Saturday, September 24, 2011

Demo(n)crazzy - The Ills, Thrills and Chills

The inception of Anna Hazare’s anti-corruption movement was an epochal event which will go down in the annals of Indian history as one that reformed the face of modern India. It has created a sense of panic among the ministers who were used to basking in the comfortable sun of power. Now that comfort is eroding and that sun is slowly turning cold. A certain fear has been stirred in the conscience of the corrupt. But above all, it has brought people from all lifestyles together against a simmering cause which has had a sizable impact on their lives since ever. It was the common platform against this anger, not so much the love for Anna Hazare, which has made it a successful movement. But some uncomfortable questions need to be asked.

In the 2G scam, A. Raja was implicated, along with some top honchos of the telecom operators that were alleged to be involved. They, along with Kanimozhi, are still behind bars. But the problem is that thus far the CBI has not been able to come up with sizable evidence to prosecute them. Yes, the power of collective anger of the middle class says that they must be involved. But what good do we know? There is a lot that goes on behind closed doors and who committed what crime and with what intentions is something that is always very hard to verify. But the Congress had to act to save its face. This expedited action has led to an undesirable fallout. Policymaking has never been the problem, but implementation has been the bane of Indian polity. This peculiar position has been made worse by the Anna Hazare movement. Implementation of reforms by the government has come to a standstill, which is having a very negative effect on the growth stimulus that the government is supposed to provide to the ever slowing industry growth. Policymakers widely agree on the opinion that the soaring inflation can be given only a breather by the monetary policy of the RBI, and only quick implementation of long term reforms can bring down prices. High interest rates are in turn slowing down the growth, which can further be bolstered only by reforms. But babus sitting the cushy offices are no more comfortable signing blindly on the files passed on from above. In fact, they believe the safest thing to do is to let the file eat the dust. Why be involved and sign on a seemingly harmless piece of paper which may turn out to be a scam tomorrow and come back to haunt them? And that is what exactly is happening. The wheels of the Executive are stuck in the morass of procrastination.  

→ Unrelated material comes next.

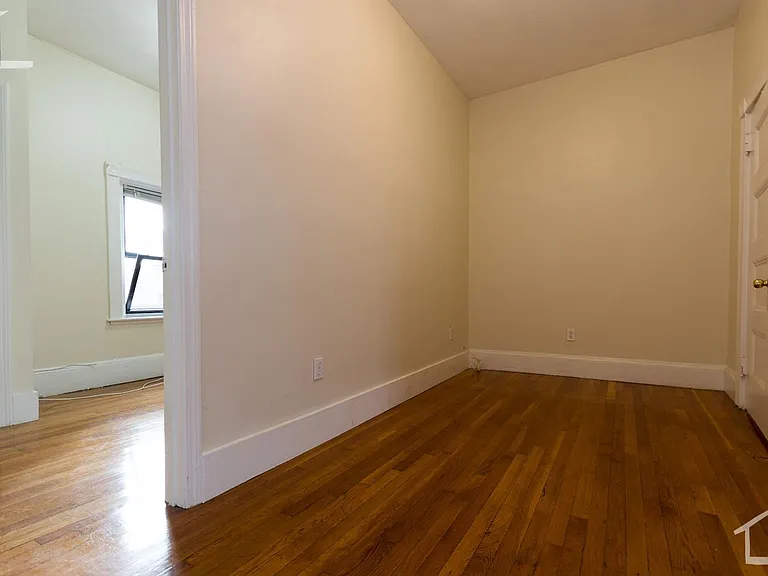 41 Bay State Rd #5 — Photo 1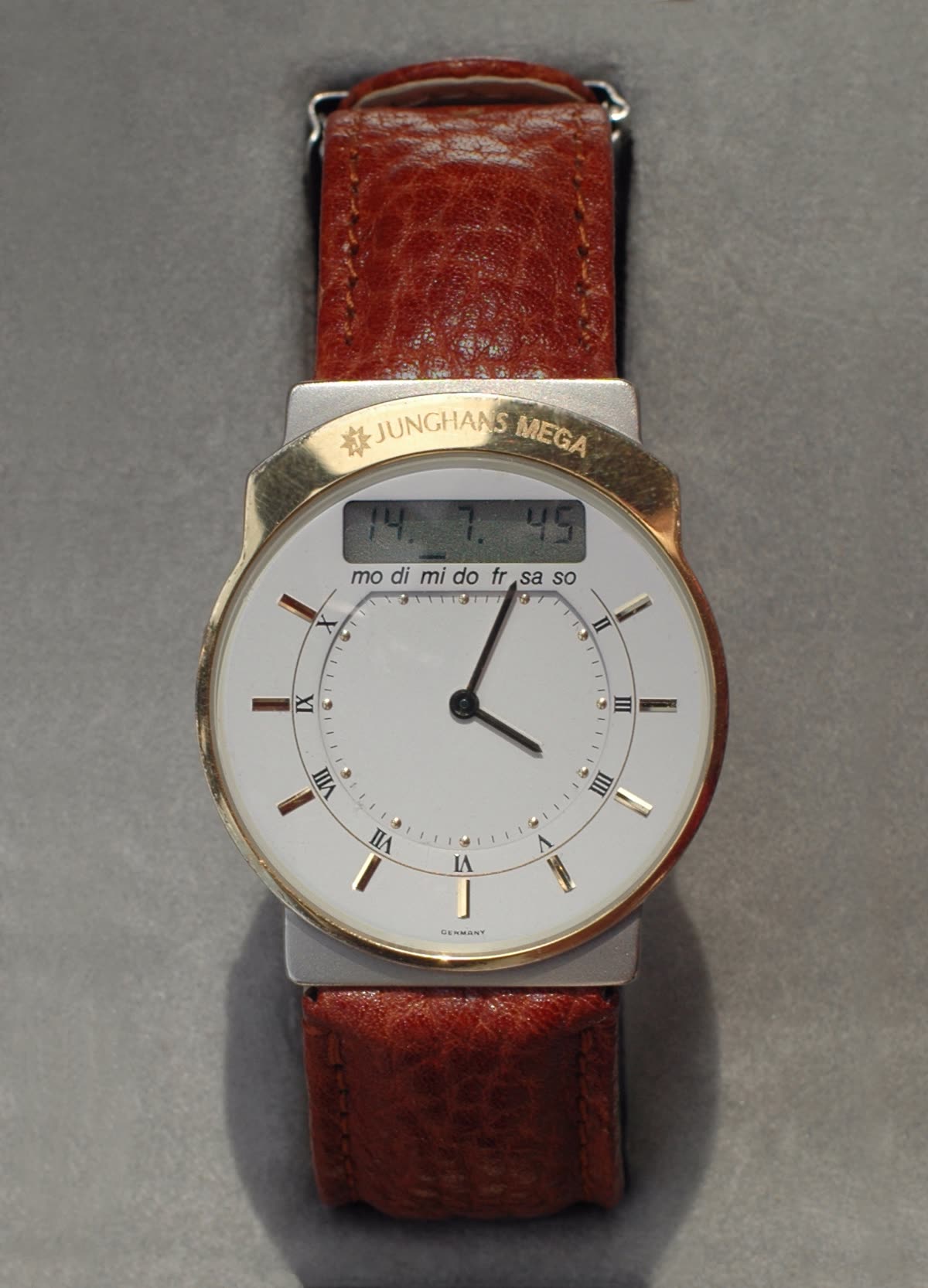Junghans Mega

But then this is the downside of a democracy, that behind a freedom of expression, there could be an abuser, behind a Right to Information enquiry, there could a defamer, behind a rape accusation, there could be an avenger, and behind a safeguarding power conferred to the armed forces, there could easily be a human-rights violation. A well-functioning government should know how best to balance these opposing forces, but the eternal dilly-dallying by our present rulers on important issues has worsened the problem. Congress could make a beginning by taking care of the reform implementation, now! Being too late on that front can prove disastrous for the Indian economy, notwithstanding its strong fundamentals in the face of the impending Euro zone debt default.